Input for this task >>
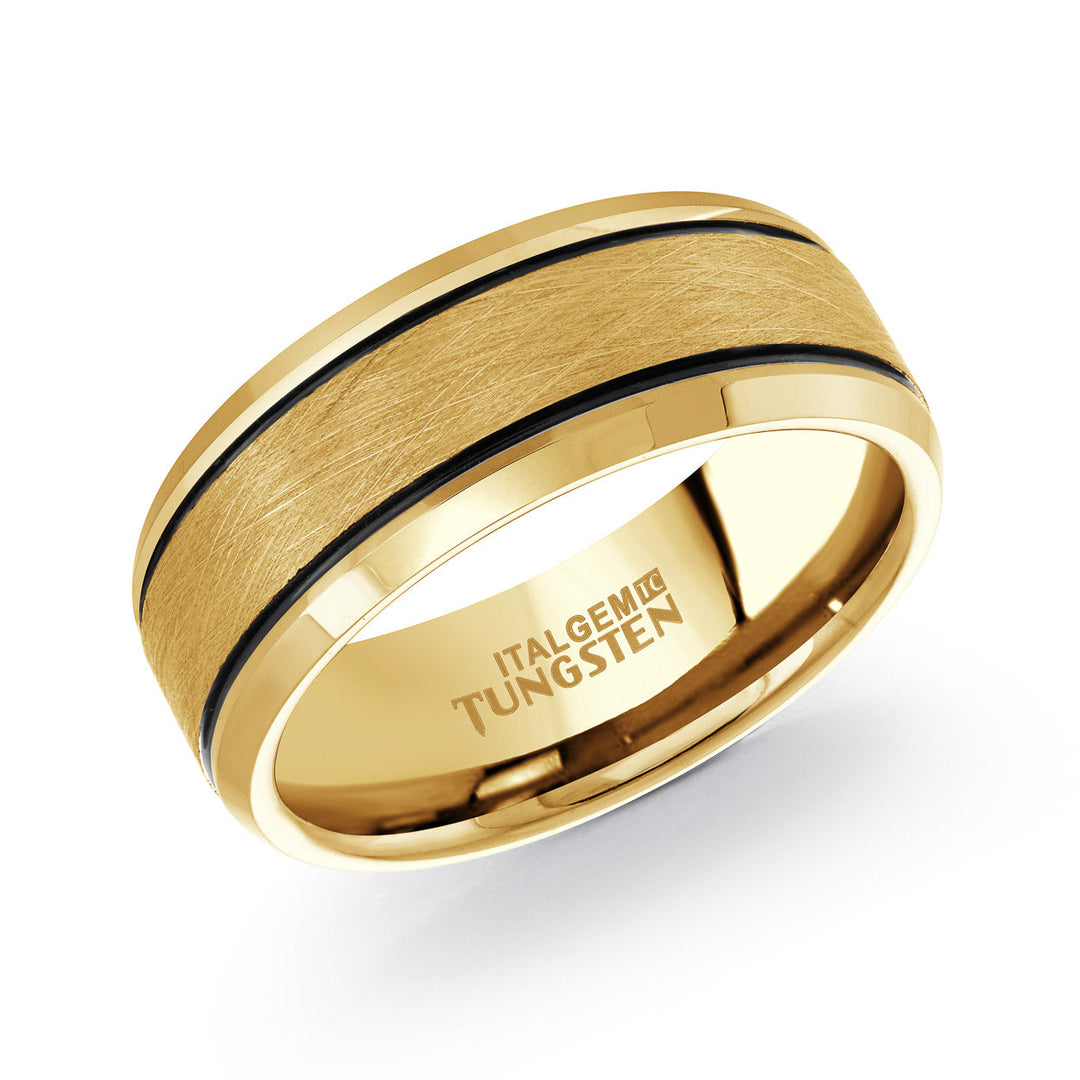 Italgem Steel Beveled Dual-Finish Tungsten Band 8mm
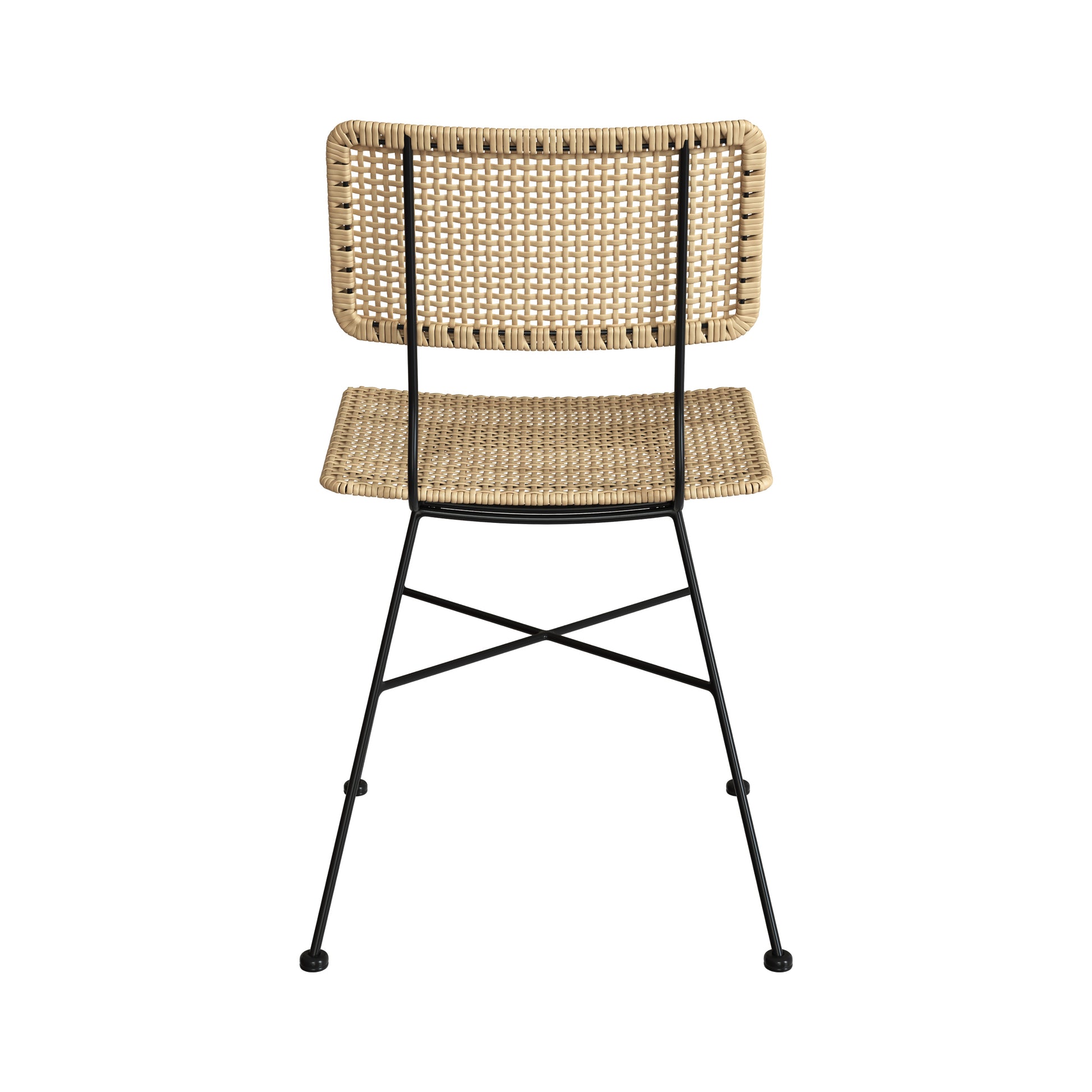 chaise borga lot de 2 boheme en rotin et metal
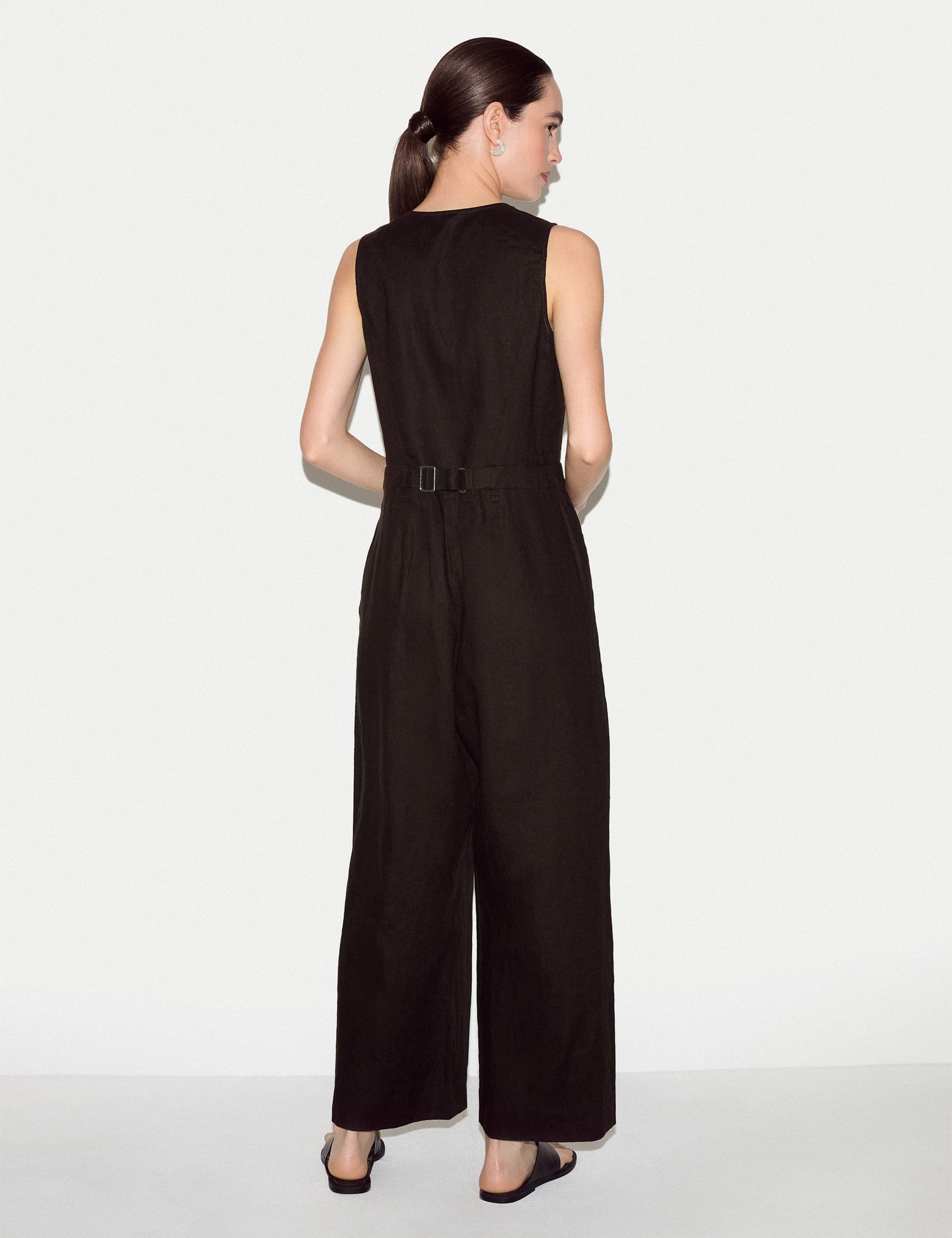 Pure Linen Waistcoat Jumpsuit 2 of 6
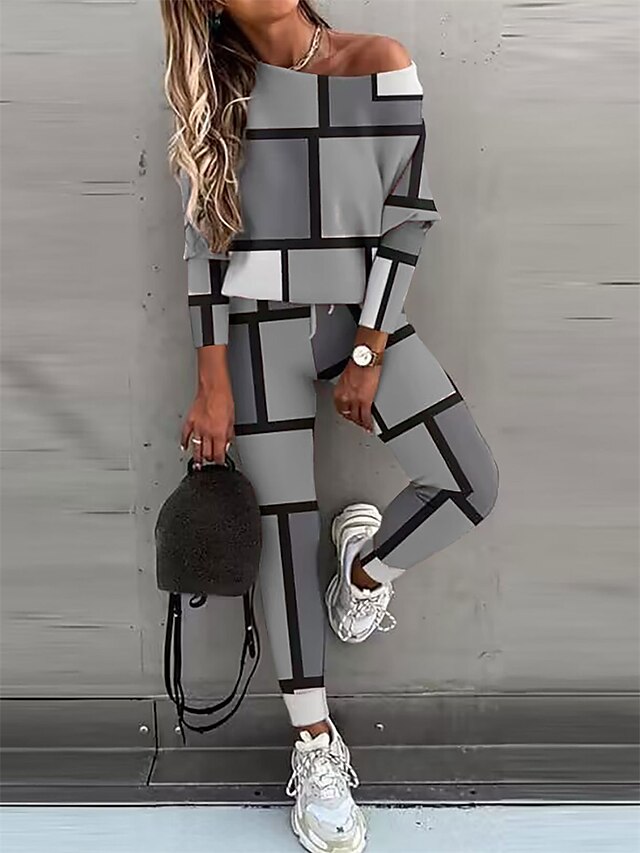 Women's Pajamas Sets Grid / Plaid Fashion Casual Comfort Home Daily Bed Polyester Breathable Crew Neck Long Sleeve Pullover Pant Fall Winter Pink Blue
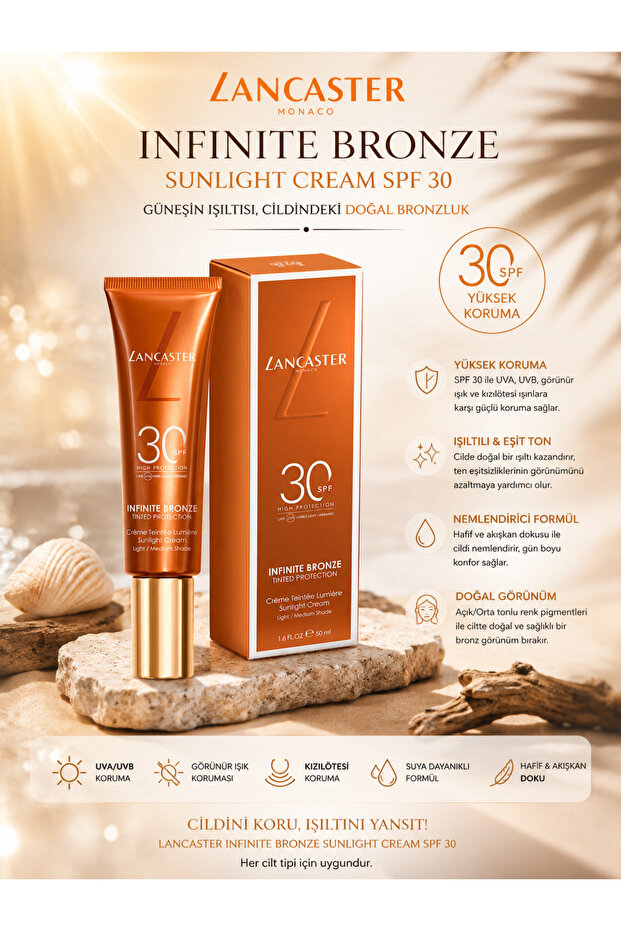 كريم إنفينيت برونز صن شاين بمعامل حماية SPF30، 50 مل، خفيف/متوسط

Task to carry out >>
With images excluded, write the records above out again exactly.

Exercise answer >>
 Italgem Steel Beveled Dual-Finish Tungsten Band 8mm
 chaise borga lot de 2 boheme en rotin et metal
 Pure Linen Waistcoat Jumpsuit 2 of 6
 Women's Pajamas Sets Grid / Plaid Fashion Casual Comfort Home Daily Bed Polyester Breathable Crew Neck Long Sleeve Pullover Pant Fall Winter Pink Blue
 كريم إنفينيت برونز صن شاين بمعامل حماية SPF30، 50 مل، خفيف/متوسط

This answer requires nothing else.